THE TASK
The records below need to be copied in full. Match them exactly.

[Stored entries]

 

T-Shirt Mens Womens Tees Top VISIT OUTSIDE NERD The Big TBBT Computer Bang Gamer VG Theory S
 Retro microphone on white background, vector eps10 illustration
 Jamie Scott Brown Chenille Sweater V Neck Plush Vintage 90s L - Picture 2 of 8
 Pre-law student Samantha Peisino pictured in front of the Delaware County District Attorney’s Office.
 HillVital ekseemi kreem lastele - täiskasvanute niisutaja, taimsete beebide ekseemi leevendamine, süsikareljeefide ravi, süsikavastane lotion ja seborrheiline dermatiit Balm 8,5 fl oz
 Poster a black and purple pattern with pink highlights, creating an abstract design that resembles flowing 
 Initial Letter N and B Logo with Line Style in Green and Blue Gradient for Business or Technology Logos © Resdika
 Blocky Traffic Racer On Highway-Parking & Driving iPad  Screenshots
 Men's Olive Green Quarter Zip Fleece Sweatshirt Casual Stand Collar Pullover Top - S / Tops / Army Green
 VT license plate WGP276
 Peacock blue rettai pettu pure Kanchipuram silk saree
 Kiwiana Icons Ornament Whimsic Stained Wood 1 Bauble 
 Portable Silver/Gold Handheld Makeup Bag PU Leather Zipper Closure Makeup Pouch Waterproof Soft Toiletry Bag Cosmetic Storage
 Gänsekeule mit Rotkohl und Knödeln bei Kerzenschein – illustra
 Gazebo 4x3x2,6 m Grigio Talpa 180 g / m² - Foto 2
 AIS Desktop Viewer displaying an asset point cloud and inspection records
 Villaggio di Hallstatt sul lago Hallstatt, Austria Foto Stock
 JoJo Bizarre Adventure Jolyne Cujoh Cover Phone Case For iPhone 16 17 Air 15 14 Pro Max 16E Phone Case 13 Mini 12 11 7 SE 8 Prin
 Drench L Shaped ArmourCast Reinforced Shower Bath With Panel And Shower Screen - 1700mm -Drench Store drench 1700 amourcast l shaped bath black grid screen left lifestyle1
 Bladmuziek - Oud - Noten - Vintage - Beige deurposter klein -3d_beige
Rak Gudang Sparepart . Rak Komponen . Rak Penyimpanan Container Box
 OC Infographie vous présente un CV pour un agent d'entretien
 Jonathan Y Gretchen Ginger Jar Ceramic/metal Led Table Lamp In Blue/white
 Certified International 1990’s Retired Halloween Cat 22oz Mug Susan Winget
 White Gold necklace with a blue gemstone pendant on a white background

RESPONSE BOX
T-Shirt Mens Womens Tees Top VISIT OUTSIDE NERD The Big TBBT Computer Bang Gamer VG Theory S
 Retro microphone on white background, vector eps10 illustration
 Jamie Scott Brown Chenille Sweater V Neck Plush Vintage 90s L - Picture 2 of 8
 Pre-law student Samantha Peisino pictured in front of the Delaware County District Attorney’s Office.
 HillVital ekseemi kreem lastele - täiskasvanute niisutaja, taimsete beebide ekseemi leevendamine, süsikareljeefide ravi, süsikavastane lotion ja seborrheiline dermatiit Balm 8,5 fl oz
 Poster a black and purple pattern with pink highlights, creating an abstract design that resembles flowing 
 Initial Letter N and B Logo with Line Style in Green and Blue Gradient for Business or Technology Logos © Resdika
 Blocky Traffic Racer On Highway-Parking & Driving iPad  Screenshots
 Men's Olive Green Quarter Zip Fleece Sweatshirt Casual Stand Collar Pullover Top - S / Tops / Army Green
 VT license plate WGP276
 Peacock blue rettai pettu pure Kanchipuram silk saree
 Kiwiana Icons Ornament Whimsic Stained Wood 1 Bauble 
 Portable Silver/Gold Handheld Makeup Bag PU Leather Zipper Closure Makeup Pouch Waterproof Soft Toiletry Bag Cosmetic Storage
 Gänsekeule mit Rotkohl und Knödeln bei Kerzenschein – illustra
 Gazebo 4x3x2,6 m Grigio Talpa 180 g / m² - Foto 2
 AIS Desktop Viewer displaying an asset point cloud and inspection records
 Villaggio di Hallstatt sul lago Hallstatt, Austria Foto Stock
 JoJo Bizarre Adventure Jolyne Cujoh Cover Phone Case For iPhone 16 17 Air 15 14 Pro Max 16E Phone Case 13 Mini 12 11 7 SE 8 Prin
 Drench L Shaped ArmourCast Reinforced Shower Bath With Panel And Shower Screen - 1700mm -Drench Store drench 1700 amourcast l shaped bath black grid screen left lifestyle1
 Bladmuziek - Oud - Noten - Vintage - Beige deurposter klein -3d_beige
Rak Gudang Sparepart . Rak Komponen . Rak Penyimpanan Container Box
 OC Infographie vous présente un CV pour un agent d'entretien
 Jonathan Y Gretchen Ginger Jar Ceramic/metal Led Table Lamp In Blue/white
 Certified International 1990’s Retired Halloween Cat 22oz Mug Susan Winget
 White Gold necklace with a blue gemstone pendant on a white background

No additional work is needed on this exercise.